**INFORMATION**.
######
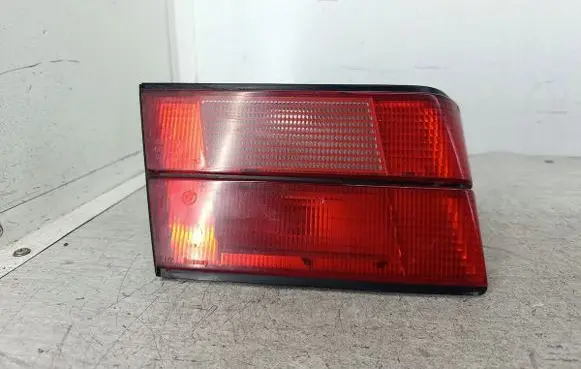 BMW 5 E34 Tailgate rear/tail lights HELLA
######
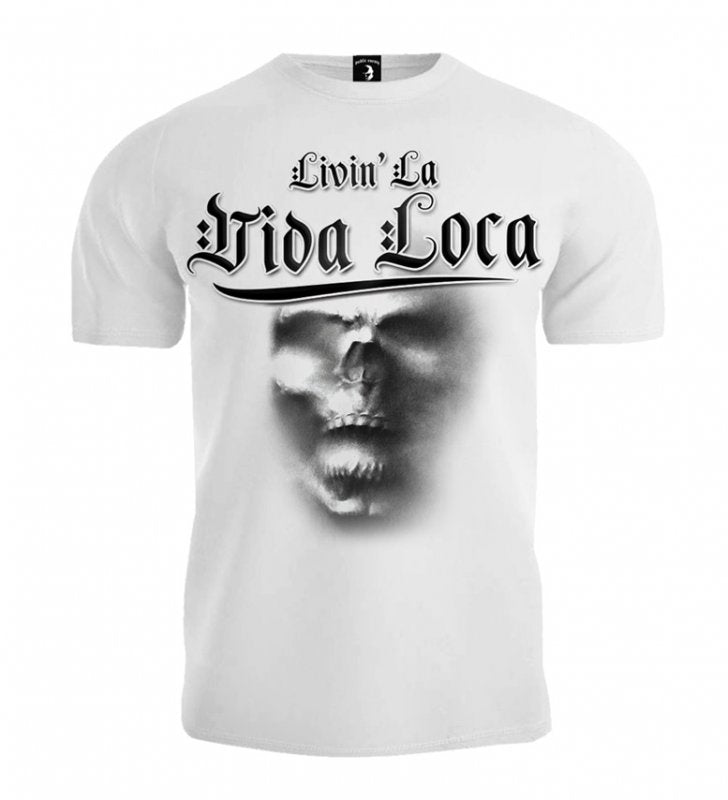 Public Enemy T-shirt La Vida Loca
######
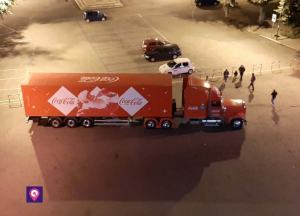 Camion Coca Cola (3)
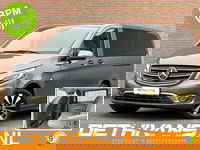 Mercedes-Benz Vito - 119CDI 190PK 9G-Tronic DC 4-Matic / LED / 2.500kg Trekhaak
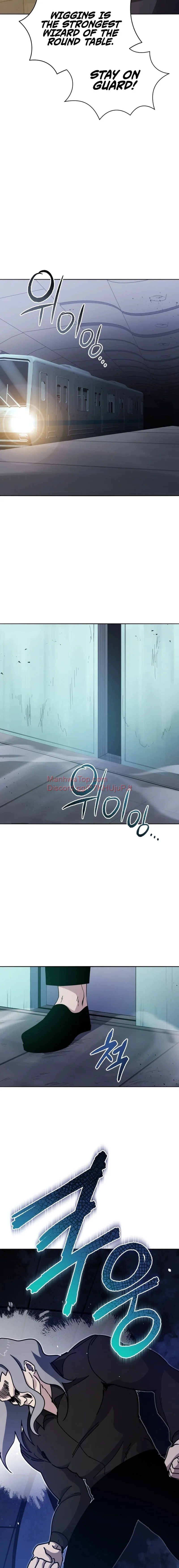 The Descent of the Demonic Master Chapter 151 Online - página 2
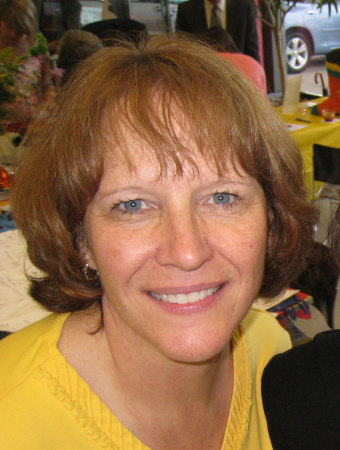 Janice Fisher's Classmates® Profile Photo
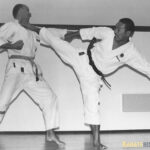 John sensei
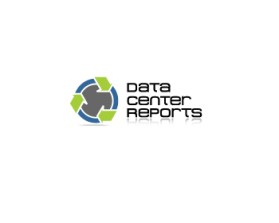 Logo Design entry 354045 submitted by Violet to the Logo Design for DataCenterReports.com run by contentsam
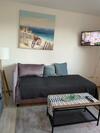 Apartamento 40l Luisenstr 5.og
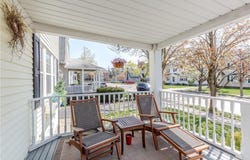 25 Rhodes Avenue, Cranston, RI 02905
######
**DIRECTIONS**. Starting at the line with "Camion Coca Cola (3)" in the entries above, write out every line exactly until the line with "25 Rhodes Avenue, Cranston, RI 02905" has been written. Include no pictures and nothing more.

**SOLUTION FOR THIS PROBLEM**.
 Camion Coca Cola (3)
 Mercedes-Benz Vito - 119CDI 190PK 9G-Tronic DC 4-Matic / LED / 2.500kg Trekhaak
 The Descent of the Demonic Master Chapter 151 Online - página 2
 Janice Fisher's Classmates® Profile Photo
 John sensei
 Logo Design entry 354045 submitted by Violet to the Logo Design for DataCenterReports.com run by contentsam
 Apartamento 40l Luisenstr 5.og
 25 Rhodes Avenue, Cranston, RI 02905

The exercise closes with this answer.